For Bluetooth they disabled access to third party apps until it's audited and hardened enough. It's targeting mainstream public, security should be taken seriously.

For gtalk...I believe operators became nervous about free instant messaging, though this limitation could be very easily worked around with any kind of browser, but then it makes it not-installed-by-default (check IE share in the browser market:)) and much harder to integrate with phone functions like ringing, easy typing, popping up when active etc.

I hope both becomes in some form available in next version however (OTOH, it could become "forgotten").

RE: reasonable
by Kroc on Tue 26th Aug 2008 18:43 in reply to "reasonable"
Kroc Member since:
2005-11-10

Check IE share in the mobile browser market.

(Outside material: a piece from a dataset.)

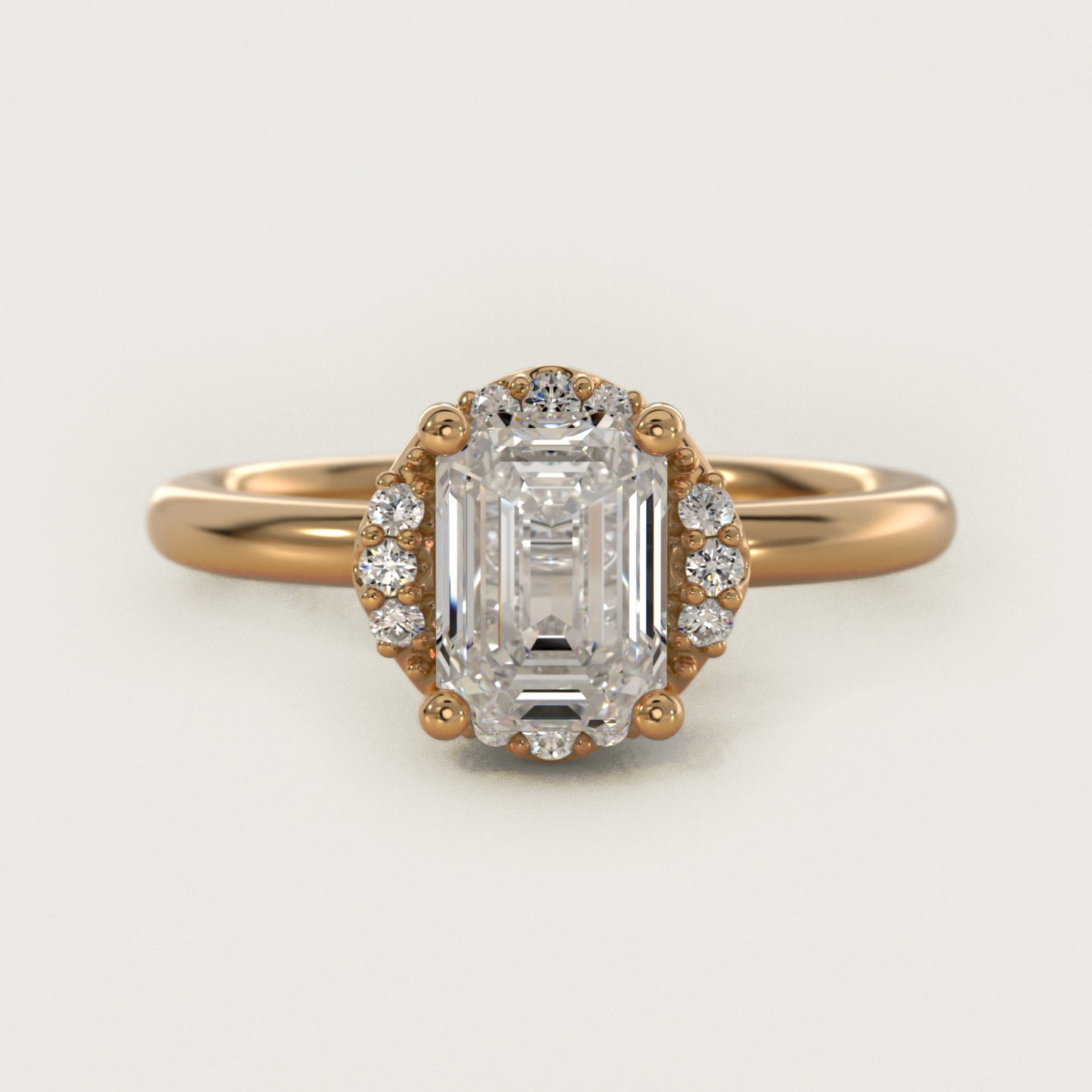 Petite Floral Halo Diamond Engagement Ring in 14k Yellow Gold (1/10 ct. tw.) - Emerald Center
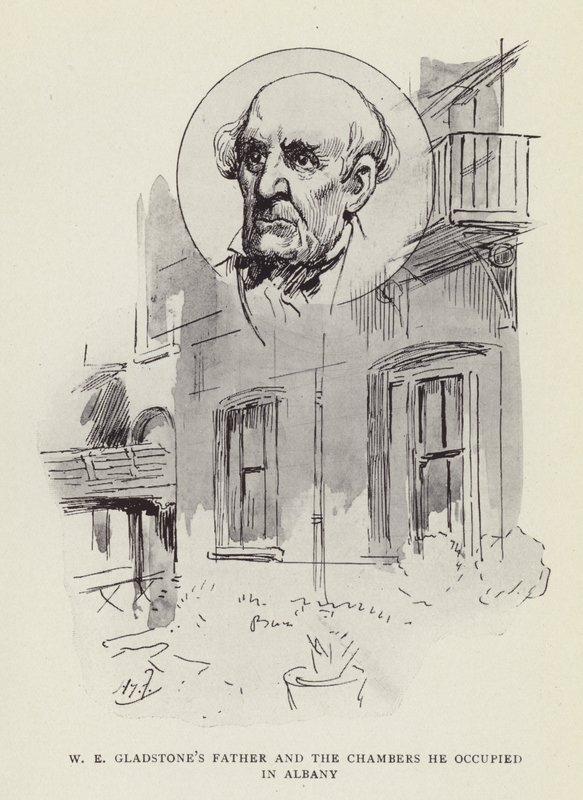 El padre de W E Gladstone y las cámaras que ocupó en Albany de Harry Furniss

Reply Parent Bookmark Score: 1

RE[2]: reasonable
by siki_miki on Tue 26th Aug 2008 18:52 in reply to "RE: reasonable"
siki_miki Member since:
2006-01-17

I don't care about IE market share, It was just an analogy. Lots of people use IE just because it's installed by default. Similar effect had the MS push of MSN messenger, which in XP was annoyance and hard to even switch off without hacks.

No doubt, lots of people would do IM if gtalk app icon was an icon sitting on their mobile phone screen. No doubt telcos are afraid of that happening.